The better performance of the H1-depleted cells in colony-survival assays is reflective of an enhanced cellular response to DSBs, which in eukaryotes is coordinated by a phosphorylation-based transduction cascade known as the DDR. Beyond individual phosphorylation events, cell cycle checkpoints can be used to measure the output of the DDR. Whereas wild-type (H1+/+) and H150 cells arrested similarly on exposure to high doses of radiation, the response to low doses differed substantially among the two genotypes (Fig. 2).

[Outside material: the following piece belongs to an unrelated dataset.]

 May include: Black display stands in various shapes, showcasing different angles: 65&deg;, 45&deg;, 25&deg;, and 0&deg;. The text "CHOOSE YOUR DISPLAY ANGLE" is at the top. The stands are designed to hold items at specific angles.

A detailed analysis showed that mutant cells activated the G2/M checkpoint at doses in which the cell cycle progression of the wild-type cells remained unaltered (Fig. 2 A). The mutant cells also maintained a more robust response overall (Fig. 2 B). The performance of H1+/+ and H150 cells in the intra–S phase checkpoint assay was analogous to that of the G2 arrest, showing an enhanced checkpoint response in the mutant cells (Fig. 2, C and D). Again, the performance of H150/rec ES cells was found to be intermediate in all cases. Thus, lowering the level of H1 results in an enhanced DDR as measured by the cell cycle arrest induced by DNA damage.

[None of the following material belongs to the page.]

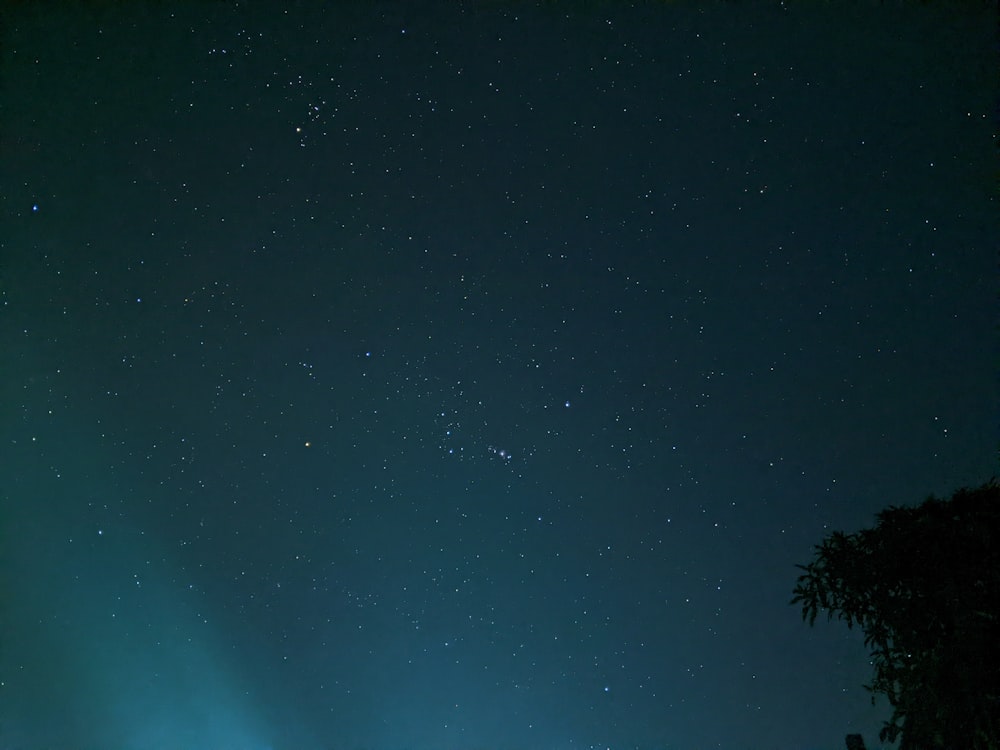 a night sky with stars and a green light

The presence of the “hypercheckpoint” phenotype led us to evaluate the signaling cascade involved in the activation of the arrest. To this extent, and because of its cell cycle–restricted role in the activation of intra–S and G2 checkpoint responses (Zhao et al., 2002), we analyzed the dynamics of chaperoning checkpoint kinase 1 (Chk1) phosphorylation induced by DNA damage. Consistent with the checkpoint data, the levels of Chk1S345P in response to IR were found to be increased in H150 cells at all doses examined, being detectable at doses in which the levels of Chk1S345P in the wild-type cells were not considerably higher than those of untreated cells (Fig. 3, A and B). Similar observations were made in cells treated with HU or MMS (Fig. 3, D–G). In contrast to the Chk1 phosphorylation performed by the ataxia telangiectasia mutated (ATM) and Rad3 related (ATR) even in response to IR (Cuadrado et al., 2006; Jazayeri et al., 2006), the strength of ATM signaling was not affected by H1 levels. These findings are in agreement with the colony survival data, in which the resistance to genotoxicity was more profound in the case of drugs that preferentially activate ATR, such as HU or MMS, than in the case of IR. Nevertheless, an ATR/Chk1-dependent DDR also operates in IR-induced responses (Cuadrado et al., 2006; Jazayeri et al., 2006), and impairment of ATR activity radiosensitizes human cells (Cliby et al., 1998; Wright et al., 1998). Moreover, both the radiosensitivity and G2/M checkpoint defect of ATM-deficient human cells can be rescued by ectopic expression of yeast Chk1 (Chen et al., 1999), demonstrating that a hyperactive ATR pathway is sufficient to stimulate checkpoint signaling and radioresistance in an ATM-independent manner.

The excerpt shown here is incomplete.